UNITED Kingdom-based visual artist, Tamsanqa Nkiwane (27) was in the country over the last two months, during which he had time to explore Bulawayo’s arts scene. Nkiwane, who recently completed his Master of Arts degree in Painting at Royal College of Art in London, is constantly searching for new expressions in his work.
By Sharon Sibindi
After losing his parents at a tender age, Nkiwane, who also holds a Bachelor of Arts degree in Fine Art, was adopted together with his brother. He recently held his Eitha Unguswi Zim/City Exhibition at the National Gallery in Bulawayo. NewsDay Life & Style reporter, Sharon Sibindi (ND) caught up with Nkiwane (TN), who spoke about his experiences in the arts industry and his interests in the Zimbabwean topography. Below are excerpts from the interview.
ND: Where do you draw your inspiration from?
TN: I draw my inspiration from my identity. Most of my works have to do with myself, trying to understand my heritage and where I come from and where I am going. So that involves Zimbabwe, to learn more about my culture and my family. So I do a lot of work from that.
ND: Since you are based in the UK, how do you find the arts standards in Zimbabwe?
TN: It is interesting. There is a lot more of paintings in Zimbabwe. I see fantastic sculpture pieces in the gallery, which shows that artists are doing fantastic work, which I find inspiring.
ND: Looking at the productions in Zimbabwe, do they match the international standards from your assessment?
TN: There is a bit of time elapse between them because London is very contemporary and it is quite fast. In Bulawayo, for instance, the works are a bit more traditional while in the UK people do performance, installations and sound.
ND: What’s your take on the appreciation of visual arts in Zimbabwe?
TN: I think it is low among my generation and even lower in the younger generation. I feel a lot of young people need more opportunities and we need more such places, so they can utilise their skills. I think there’s energy bubbling in many artists.
ND: What do you think these artists should do to market their works?
TN: To market their works, well, I think Zimbabwe is a very interesting place. You have got a lot of things to do from a lot of references of history. I think if you open independent galleries, artists can become more active in the communities and doing more shows that it is a way to draw attention to Zimbabwe.
ND: Visual art is usually regarded as elitist. What’s your take on that?
TN: Yes, I think it can be elitist because I think a lot of intellectual side of things kind of scare people off. I think art should be everyone’s and I think when it becomes bigger and commercial, very commercial, it may be a problem. I think when it’s kind of middle level, it’s a bit more honest.
ND: Do you live off your art or you have other supplementary projects?
TN: I do other supplementary things. I do music as well. Most people in London have to work part time because London is very expensive. Not many people have a space that they can at least go to everyday.
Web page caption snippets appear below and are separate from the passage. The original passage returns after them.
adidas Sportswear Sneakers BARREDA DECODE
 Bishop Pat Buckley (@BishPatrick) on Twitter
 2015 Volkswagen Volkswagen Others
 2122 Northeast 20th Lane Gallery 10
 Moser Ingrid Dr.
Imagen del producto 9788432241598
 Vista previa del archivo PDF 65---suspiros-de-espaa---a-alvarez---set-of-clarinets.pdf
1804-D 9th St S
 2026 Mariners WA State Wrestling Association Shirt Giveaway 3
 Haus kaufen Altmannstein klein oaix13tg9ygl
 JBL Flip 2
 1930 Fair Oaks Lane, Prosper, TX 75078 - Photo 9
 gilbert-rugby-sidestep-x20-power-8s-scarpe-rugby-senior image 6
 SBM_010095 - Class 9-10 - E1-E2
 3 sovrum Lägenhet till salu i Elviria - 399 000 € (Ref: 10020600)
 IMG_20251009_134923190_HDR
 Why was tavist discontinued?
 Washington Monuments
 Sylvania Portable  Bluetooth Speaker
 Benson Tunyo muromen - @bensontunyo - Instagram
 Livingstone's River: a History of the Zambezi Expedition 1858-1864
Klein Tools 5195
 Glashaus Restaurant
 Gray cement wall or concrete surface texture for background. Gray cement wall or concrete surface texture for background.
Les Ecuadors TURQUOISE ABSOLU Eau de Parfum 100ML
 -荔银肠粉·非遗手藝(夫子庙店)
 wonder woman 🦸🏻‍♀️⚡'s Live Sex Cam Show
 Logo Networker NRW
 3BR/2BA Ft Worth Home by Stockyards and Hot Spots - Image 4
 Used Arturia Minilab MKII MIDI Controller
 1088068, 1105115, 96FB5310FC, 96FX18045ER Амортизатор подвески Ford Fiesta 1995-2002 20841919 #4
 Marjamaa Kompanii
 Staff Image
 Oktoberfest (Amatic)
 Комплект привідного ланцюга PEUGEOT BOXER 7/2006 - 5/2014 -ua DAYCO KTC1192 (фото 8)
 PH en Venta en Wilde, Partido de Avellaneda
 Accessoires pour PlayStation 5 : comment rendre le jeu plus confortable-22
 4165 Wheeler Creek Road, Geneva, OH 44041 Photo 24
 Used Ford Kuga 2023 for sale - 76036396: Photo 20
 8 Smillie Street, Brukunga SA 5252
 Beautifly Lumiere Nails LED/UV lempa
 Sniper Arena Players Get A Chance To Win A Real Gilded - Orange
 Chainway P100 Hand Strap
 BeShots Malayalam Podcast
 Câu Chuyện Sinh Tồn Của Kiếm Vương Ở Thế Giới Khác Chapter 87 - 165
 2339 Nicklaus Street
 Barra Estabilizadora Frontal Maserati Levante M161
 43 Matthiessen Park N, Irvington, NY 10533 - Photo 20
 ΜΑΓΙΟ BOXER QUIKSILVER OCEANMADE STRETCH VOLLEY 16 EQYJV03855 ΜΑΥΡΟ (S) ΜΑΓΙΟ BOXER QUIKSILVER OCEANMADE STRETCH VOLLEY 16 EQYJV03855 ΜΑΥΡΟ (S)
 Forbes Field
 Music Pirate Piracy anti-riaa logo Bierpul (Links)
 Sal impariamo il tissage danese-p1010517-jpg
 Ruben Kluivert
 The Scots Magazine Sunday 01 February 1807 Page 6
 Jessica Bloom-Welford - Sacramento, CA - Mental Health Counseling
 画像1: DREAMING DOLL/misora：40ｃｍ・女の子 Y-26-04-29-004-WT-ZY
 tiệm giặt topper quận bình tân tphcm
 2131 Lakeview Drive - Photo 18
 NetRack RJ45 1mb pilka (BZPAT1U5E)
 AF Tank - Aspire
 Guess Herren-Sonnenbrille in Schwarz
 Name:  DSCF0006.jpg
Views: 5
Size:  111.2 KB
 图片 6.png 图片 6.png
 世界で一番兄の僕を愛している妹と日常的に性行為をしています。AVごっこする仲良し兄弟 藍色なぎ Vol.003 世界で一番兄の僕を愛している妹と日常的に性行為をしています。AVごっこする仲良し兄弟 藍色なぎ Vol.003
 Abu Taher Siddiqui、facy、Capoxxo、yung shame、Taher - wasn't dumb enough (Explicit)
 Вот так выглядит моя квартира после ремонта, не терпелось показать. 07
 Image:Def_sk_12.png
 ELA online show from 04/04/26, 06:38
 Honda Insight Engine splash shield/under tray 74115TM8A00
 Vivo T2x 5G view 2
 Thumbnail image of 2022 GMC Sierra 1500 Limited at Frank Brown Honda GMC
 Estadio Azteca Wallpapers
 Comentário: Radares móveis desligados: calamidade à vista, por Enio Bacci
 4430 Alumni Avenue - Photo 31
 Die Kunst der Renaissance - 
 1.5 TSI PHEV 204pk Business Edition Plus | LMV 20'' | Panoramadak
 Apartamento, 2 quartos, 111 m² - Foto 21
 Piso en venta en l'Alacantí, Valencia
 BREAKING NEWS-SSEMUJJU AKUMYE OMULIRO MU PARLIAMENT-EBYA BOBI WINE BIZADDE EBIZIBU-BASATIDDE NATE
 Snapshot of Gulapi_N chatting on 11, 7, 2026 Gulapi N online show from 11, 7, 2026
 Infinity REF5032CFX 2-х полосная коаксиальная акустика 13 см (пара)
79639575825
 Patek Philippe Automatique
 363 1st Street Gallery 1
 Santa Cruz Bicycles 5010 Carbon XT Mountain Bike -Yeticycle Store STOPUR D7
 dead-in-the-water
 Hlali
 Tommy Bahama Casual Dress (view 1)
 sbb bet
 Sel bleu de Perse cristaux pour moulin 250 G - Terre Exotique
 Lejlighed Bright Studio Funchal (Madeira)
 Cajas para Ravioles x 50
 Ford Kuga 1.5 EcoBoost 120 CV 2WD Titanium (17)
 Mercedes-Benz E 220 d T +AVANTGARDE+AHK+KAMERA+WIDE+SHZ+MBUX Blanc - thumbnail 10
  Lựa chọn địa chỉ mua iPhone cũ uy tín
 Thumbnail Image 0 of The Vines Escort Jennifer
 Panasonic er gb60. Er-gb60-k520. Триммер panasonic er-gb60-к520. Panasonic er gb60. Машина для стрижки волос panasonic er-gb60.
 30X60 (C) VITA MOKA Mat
ND: We have seen in some cases the love for art running in a family. Is that true in your case?
TN: Not really, but my mother is an artist, too, and everyone else is academic.
ND: At what stage in your life did you develop interests in arts?
TN: I have always loved arts because I loved cartoons. I loved watching Disney or Poker Man, all of those things and tried to copy. So I remember me and my mother, we used to draw each other and makeup stories.
ND: Who has been your greatest inspiration?
TN: I got my inspiration from David Harness—an American artist and musician. I think music influences me a lot.
ND: What do you think the government should do to help develop the sector?
TN: The government needs to give more funding to arts. I think there’s a massive interest in the academics and less in the arts. It’s good to have a culture in a city because it brings in tourism and culture is a massive power in most countries. China is building culture at the moment because it knows it needs it. So they now put lots of money into the arts.
ND: Bulawayo has been traditionally regarded as the hub of arts and culture. Do you believe this is still true?
TN: I have noticed there’s a lot of music but I have not seen much of art here. I have seen the gallery here.
ND: Your parting shot?
TN: I think everything has been moving in an interesting way. I had a great stay here, very different from London. I have learnt a lot of new things and shared space with very interesting people. I have seen a lot of new faces. I had a great experience and I will be coming back more often.